La Baignoire de Staline – Renaud S Lyautey – Seuil noir

MASSE CRITIQUE DE BABELIO

Merci à l’éditeur, Le Seuil et à Babélio pour cette agréable découverte. 

Un policier qui se déroule à Tbilissi en Géorgie, dépaysement garanti pour un voyage au Caucase. Un jeune Français est découvert assassiné dans une chambre d’hôtel, René Turpin, un diplomate est chargé de suivre l’affaire. Je pense à Aurel le consul du Suspendu de Conakry de Rufin en plus terne comme personnage. Ce sont les policiers géorgiens qui sont chargés de l’enquête. D’ailleurs d’autres morts suspectes vont succéder avec un sympathique détective d’origine abkhaze (occasion de découvrir cette région annexée par la Russie). L’enquête part en tous sens (je ne spoilerai pas!)

En plus du décor caucasien, on goûtera à la gastronomie locale sous l’expertise d’un aimable voisin de Turpin qui l’entraîne dans les meilleures cantines de la ville et cuisine aussi. J’aime les policiers qui n’oublient ni de manger ni de boire (mon préféré est Montalbano). Je vous laisse essayer des mets délectables aux noms imprononçables.

Et Staline là dedans? l’action se déroule en 2009.La Géorgie est un état indépendant.  Staline, qui en est originaire comme Béria et nombreux autres, ont laissé un souvenir impérissable.
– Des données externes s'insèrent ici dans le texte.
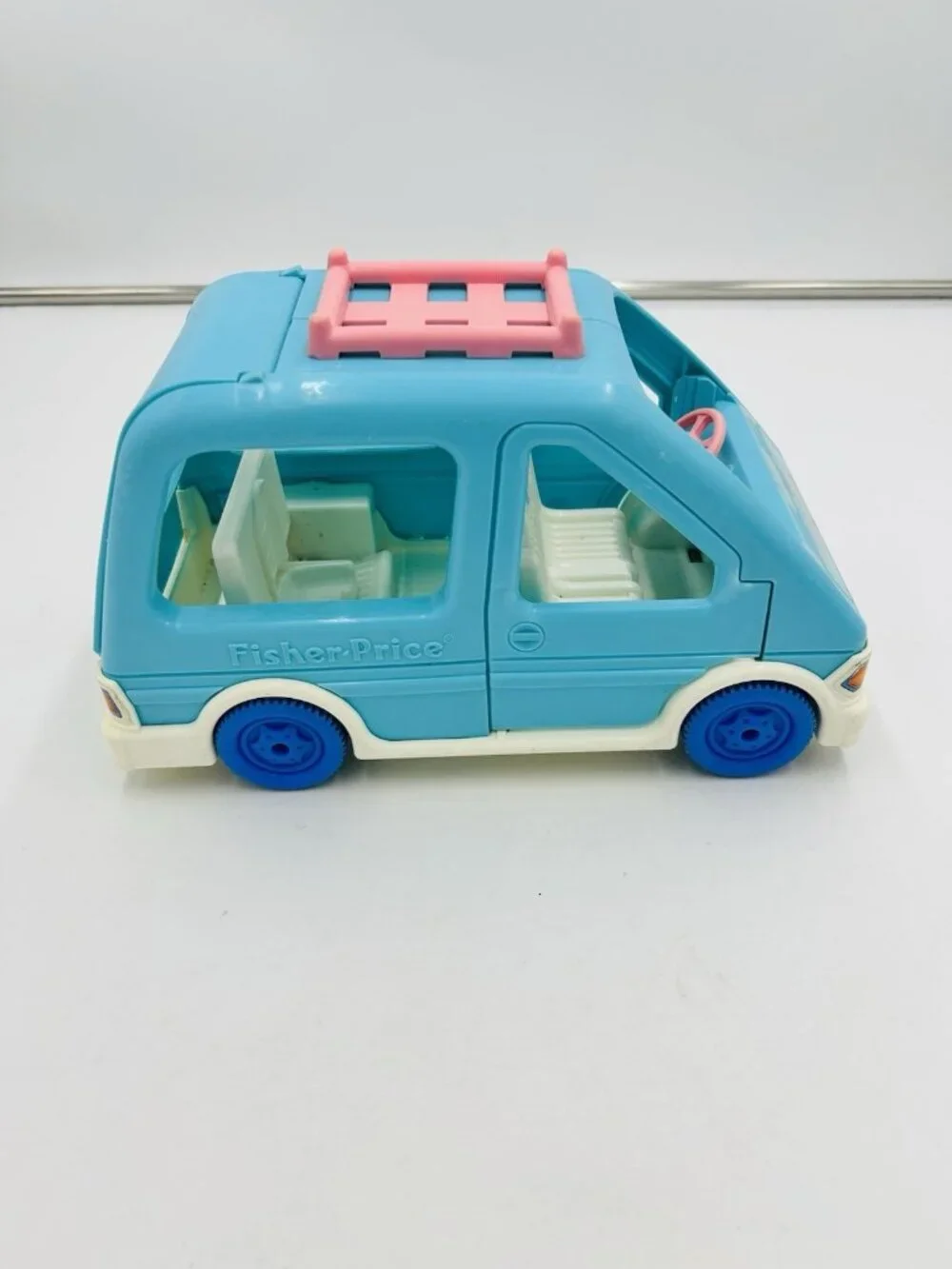 Vintage 1997 Fisher Price Loving Family Minivan Pop Up Camper Car and People Lot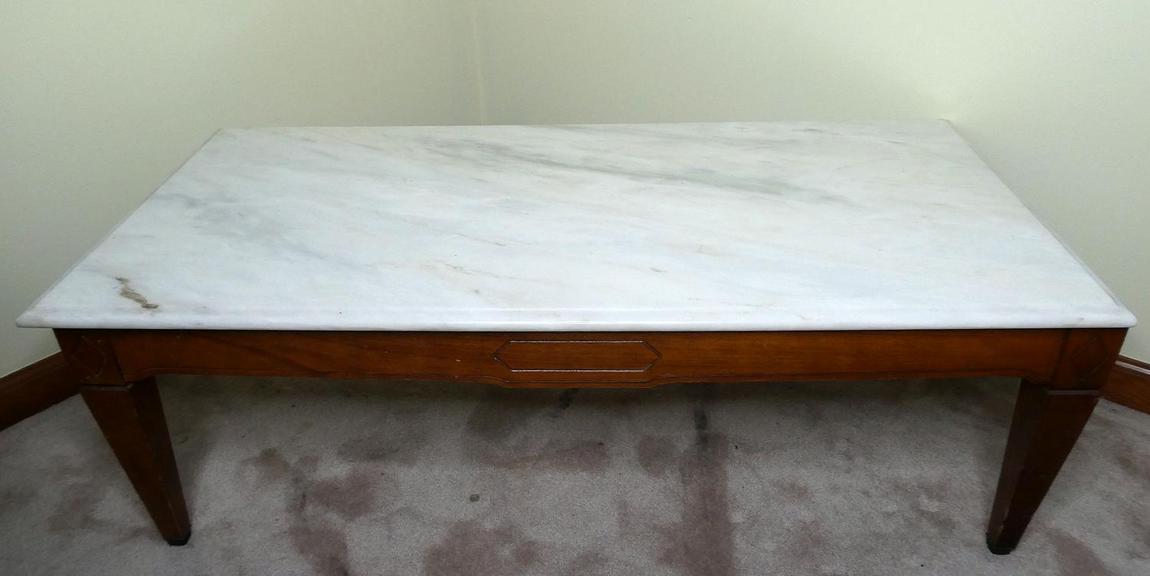 Auction Ohio Marble Top Low Coffee Table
Fierté ou terreur? L’ambivalence subsiste encore un demi-siècle après sa disparition. On ne peut ignorer les décennies communistes qui ont modelé l’urbanisme et les mentalités.

Les racines de l’enquête remontent à l’époque soviétique. De policier, le roman vire à l’espionnage….j’ai dévoré la fin tout à fait passionnante.

une très bonne pioche de la Masse Critique!